> GIVEN INFORMATION
- - - - - - -

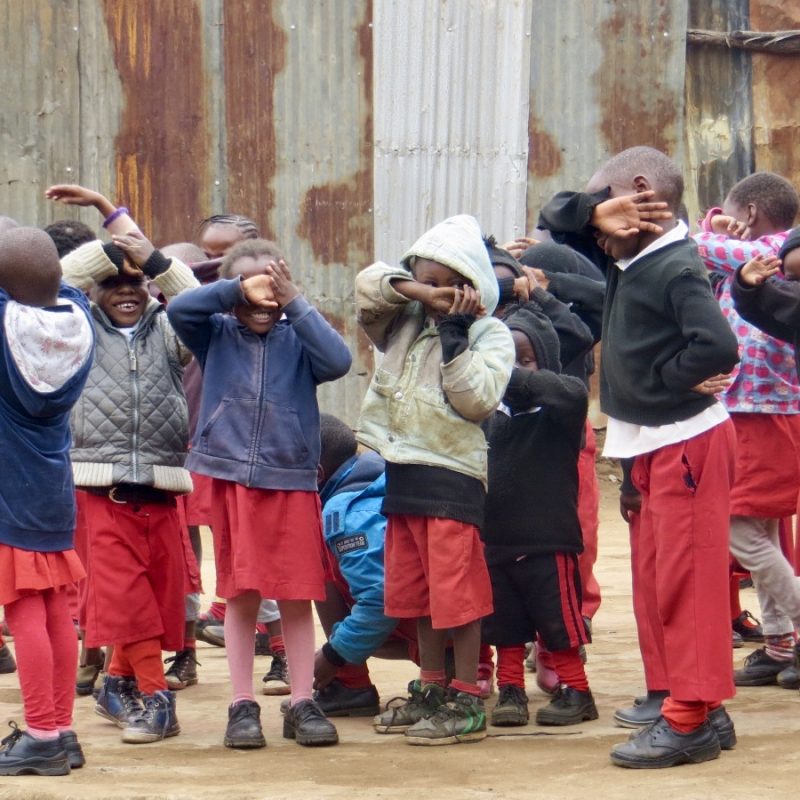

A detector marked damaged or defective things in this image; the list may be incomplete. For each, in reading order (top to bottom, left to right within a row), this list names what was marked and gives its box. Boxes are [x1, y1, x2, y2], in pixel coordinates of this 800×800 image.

rust stain [101, 3, 208, 244]
rust stain [223, 0, 286, 238]
rust stain [296, 0, 376, 268]
rusty metal sheet [374, 0, 536, 262]
rust stain [532, 114, 564, 177]
rusty metal sheet [524, 0, 688, 234]
rust stain [596, 0, 680, 155]
rusty metal sheet [680, 0, 752, 220]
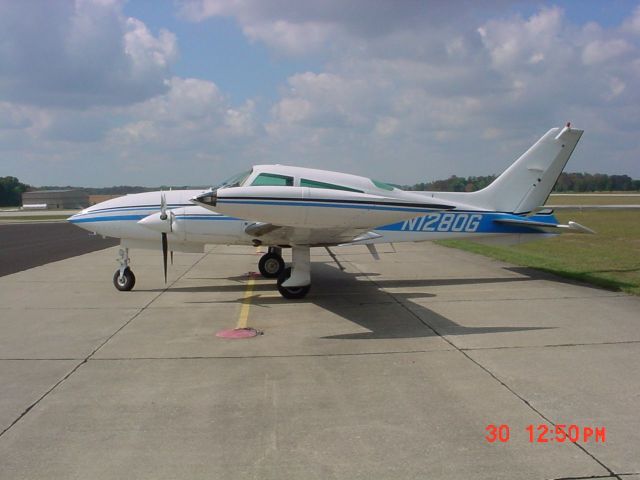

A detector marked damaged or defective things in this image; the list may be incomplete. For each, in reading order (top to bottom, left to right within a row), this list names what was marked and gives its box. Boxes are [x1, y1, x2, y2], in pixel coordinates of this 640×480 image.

pavement crack [0, 249, 210, 440]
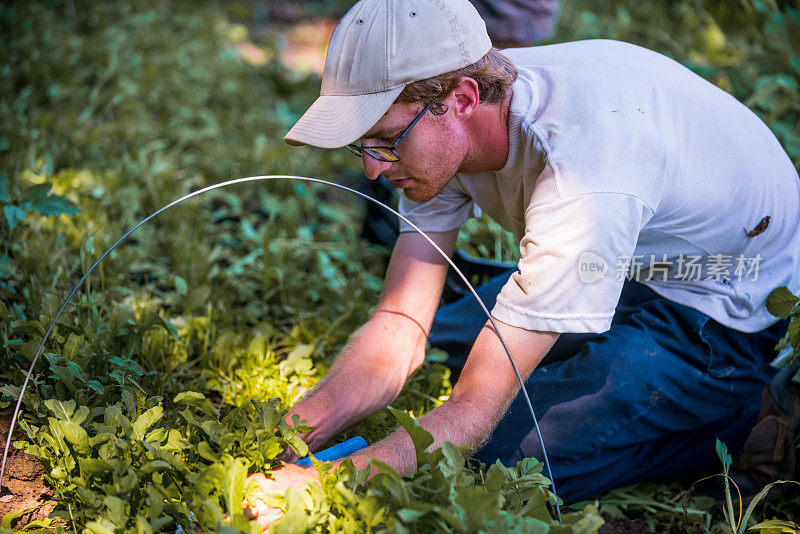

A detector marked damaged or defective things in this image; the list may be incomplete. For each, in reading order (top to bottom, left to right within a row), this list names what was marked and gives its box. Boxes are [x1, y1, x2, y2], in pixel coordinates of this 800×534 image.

bent wire frame [0, 176, 564, 524]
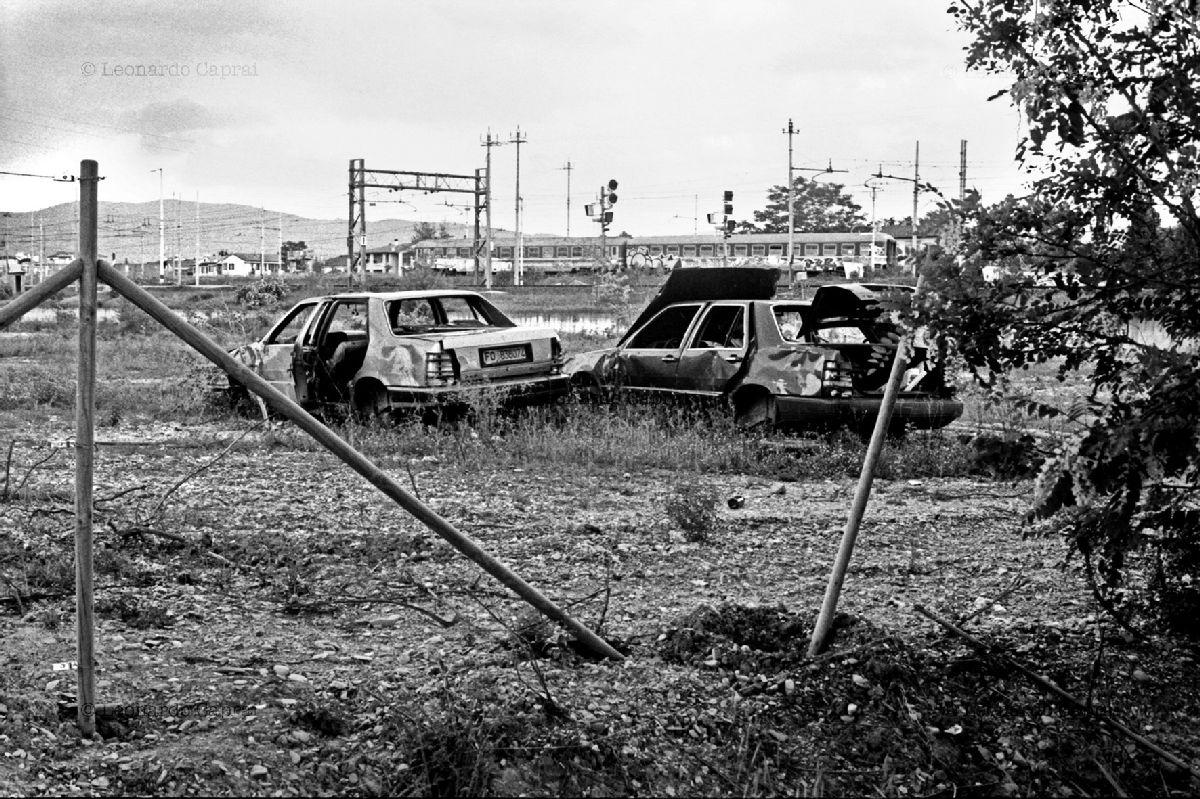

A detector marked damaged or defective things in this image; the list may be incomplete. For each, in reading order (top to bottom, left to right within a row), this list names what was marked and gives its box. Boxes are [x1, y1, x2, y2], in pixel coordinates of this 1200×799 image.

abandoned car [221, 292, 572, 418]
abandoned car [564, 268, 964, 432]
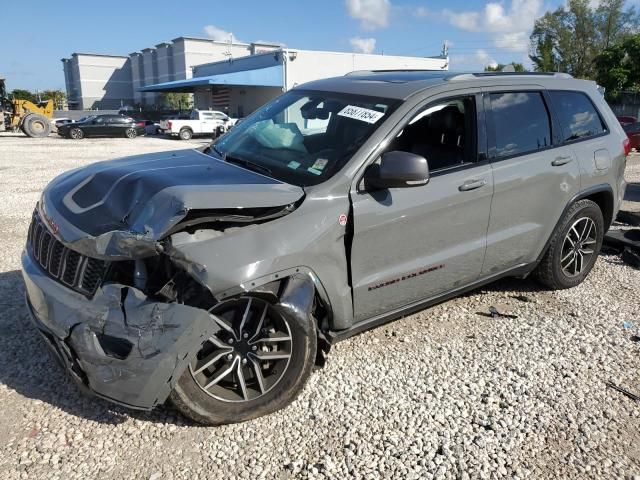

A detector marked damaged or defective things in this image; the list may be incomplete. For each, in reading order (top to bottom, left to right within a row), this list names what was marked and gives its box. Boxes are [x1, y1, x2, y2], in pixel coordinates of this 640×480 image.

crumpled front hood [40, 149, 304, 258]
shattered windshield [212, 89, 398, 187]
damaged jeep suv [22, 70, 628, 424]
crushed front bumper [21, 249, 216, 410]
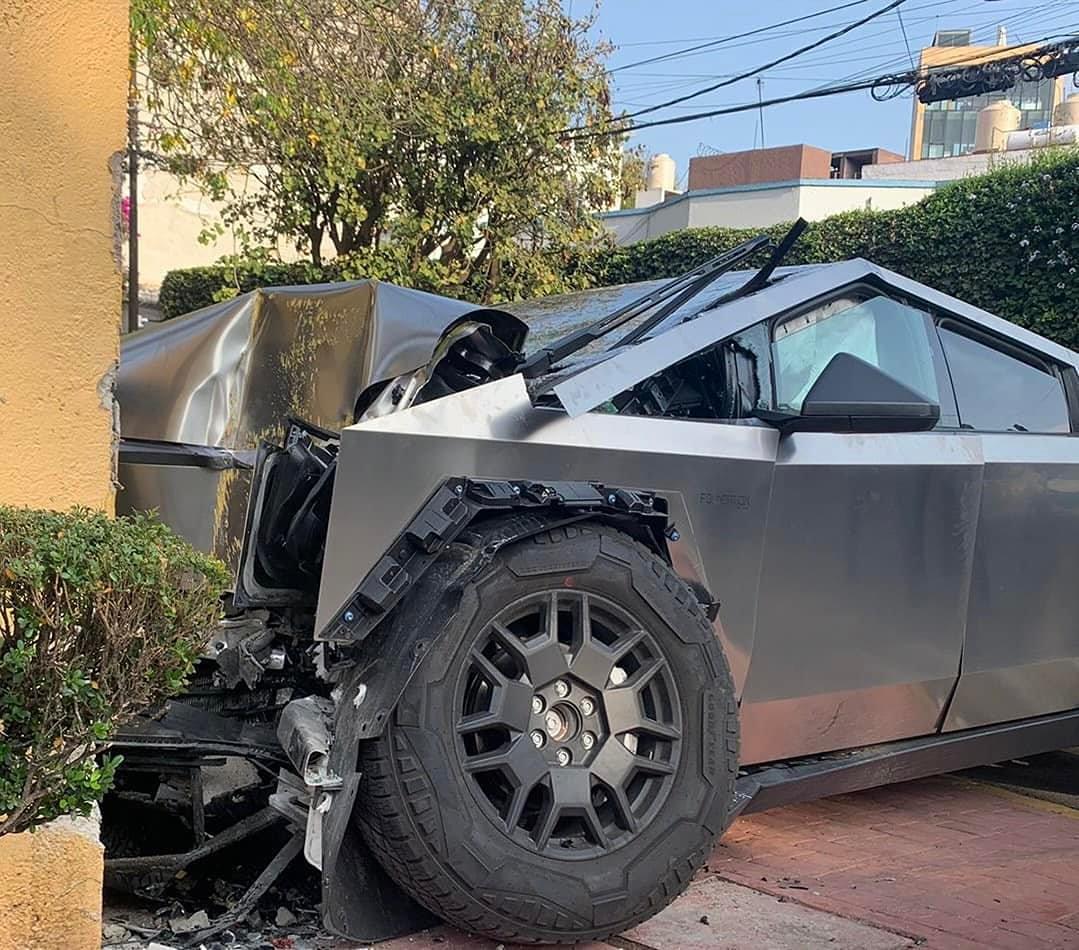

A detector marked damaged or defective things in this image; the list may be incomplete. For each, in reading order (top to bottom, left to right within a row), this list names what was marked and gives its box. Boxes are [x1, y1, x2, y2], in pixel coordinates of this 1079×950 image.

crashed tesla cybertruck [111, 227, 1079, 941]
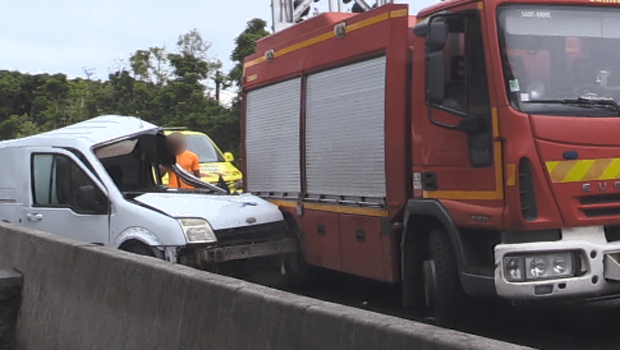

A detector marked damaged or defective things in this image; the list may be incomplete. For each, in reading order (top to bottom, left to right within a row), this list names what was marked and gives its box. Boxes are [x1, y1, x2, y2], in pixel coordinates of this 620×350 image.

crushed van roof [0, 115, 160, 148]
damaged white van [0, 115, 302, 274]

- - - - - - -

> WORK INSTRUCTIONS
From the line that contains "this 620×350 image." through the final line of the entries above, every line must be reproduced exactly and nothing more.

> SOLUTION FOR THIS EXERCISE
A detector marked damaged or defective things in this image; the list may be incomplete. For each, in reading order (top to bottom, left to right within a row), this list names what was marked and gives its box. Boxes are [x1, y1, x2, y2], in pixel coordinates of this 620×350 image.

crushed van roof [0, 115, 160, 148]
damaged white van [0, 115, 302, 274]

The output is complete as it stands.